UUSS HISTORY PART ONE — The First Half Century (1868–1915)

Origins of the First Unitarian Church in Sacramento, 1864-1868

The enthusiastic reception given to Rev. King demonstrated that the town was now fertile ground for Unitarian ideas. Indeed, the town of Sacramento had been founded nineteen years before the First Unitarian Church was organized through the direct efforts of the American Unitarian Association (AUA) headquartered in Boston. Its days as a rough frontier town were but a fading memory.

In late April of 1864, Rev. Henry Whitney Bellows of All Souls Church in New York City arrived in San Francisco because of the untimely death of his good friend Rev. T. Starr King, minister of the San Francisco First Unitarian Church. After selecting Horatio Stebbins to replace King, Bellows returned to his New York church determined to bring encouragement to Unitarian families scattered in towns arising around the Bay area.

“There are seventeen Unitarian families in Sacramento” he told a church convention in a plea for support of “missionary” help for the westward expanding portion of the nation. Largely through Bellows‘ determination, a fund of $100,000 was raised for that purpose in 1865.

As a result, Rev. Charles Gordon Ames became the missionary to the Pacific Coast area. Based in San Francisco as assistant minister of the church there and his salary paid by the Association in Boston, at age thirty-four he then had the stamina to explore adjacent towns in search of Unitarians and other religious liberals. By 1867 he was lecturing and preaching in public halls from Monterey to Sacramento. His transportation was by horse and buggy; often he stopped where nightfall found him to sleep under the open sky. By December of that year Ames‘ work had resulted in regular meetings of Sacramento Unitarians.

The Sacramento Bee carried this story in its issue of Saturday, December 21, 1867:

UNITARIAN — Rev. Henry W. Brown, said to be a most eloquent divine who has just arrived from the East, will preach his maiden sermon in California at the Metropolitan Theater in this city tomorrow evening. He is said to be the most fascinating preacher on this coast.
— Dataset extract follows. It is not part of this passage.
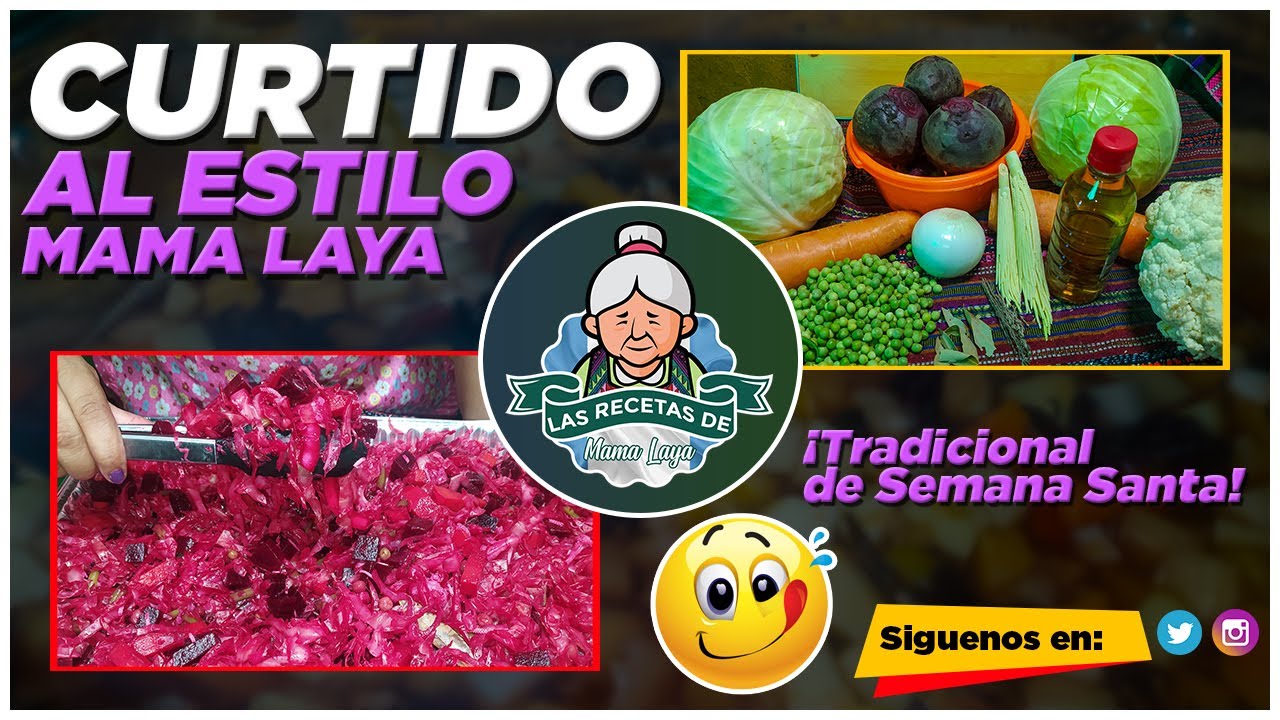 CURTIDO GUATEMALTECO delicia de Semana Santa CURTIDO para Tostadas y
According to an undocumented account, the Rev. Mr. Brown was an educator and a graduate of Harvard Divinity School, who came here in connection with the public schools. There were regular newspaper notices of weekly services by him in the Metropolitan Theater on K Street between 4th and 5th. The formal inauguration of the church has been dated as Sunday, March 29, 1868. On Saturday the Bee had announced:

UNITARIAN — There will be Unitarian services at the District Courtroom, corner of I and Sixth Streets, at 10 3/4 a.m., and 7 1/2 p.m. tomorrow. Preaching by Rev. H. W. Brown. All are cordially invited.

This date marks the occasion of the formal founding of the church. An Article of Agreement was drawn up, stating simply: “We, the undersigned, do hereby associate ourselves in a body corporate, to be known as the First Unitarian Church of Sacramento, for the worship of God and the service of men.”
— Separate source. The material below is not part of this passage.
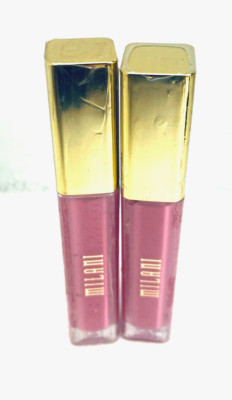 (2) MILANI BRILLIANT SHINE Lip Gloss 07 Pink Lady **RARE PLS READ  SOLD AS-IS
The only condition of membership was the signing of the Article of Agreement. In a short time almost a hundred persons signed the document. The by-laws provided that three of the seven trustees might be women. No doubt that was very progressive for that era, even if it did guarantee minority status for women. Accordingly Mrs. C. W. Davenport, Mrs. Rosa F. Foote and Mrs. Georgiana Griffiths were elected. The male trustees were Dr. Henry L. Nichols, Dr. Alexander B. Nixon, Henry Starr, and Thomas Ross.


Dr. Alexander Nixon

Dr. Henry Nichols, M.D., was born in Augusta, Maine in 1823. After postgraduate studies at the Philadephia Medical School, he practiced medicine in Maine until 1853 when, encouraged by an uncle to head west, he arrived in Sacramento by way of the Isthmus of Panama. In addition to practicing medicine in Sacramento, he served as the president of the city Board of Supervisors and as the California Secretary of State. He remained a member and strong advocate of the Unitarian Church of Sacramento for forty-seven years.

Alexander B. Nixon, M.D., was born in Ohio in 1821, educated at Miami University (Ohio) and graduated from Ohio Medical College in 1849. He came to Sacramento with the Gold Rush in 1849, became a state senator, headed medical societies and became chief of the Central Pacific Railroad Hospital in Sacramento.

Henry Starr was born In Nova Scotia, Canada, in 1819. He came to Sacramento in 1852 by way of Maine Wesleyan Seminary and became an attorney by “reading law” in Illinois. He was elected to the state legislature and later served as District Attorney in Sacramento, holding high military rank.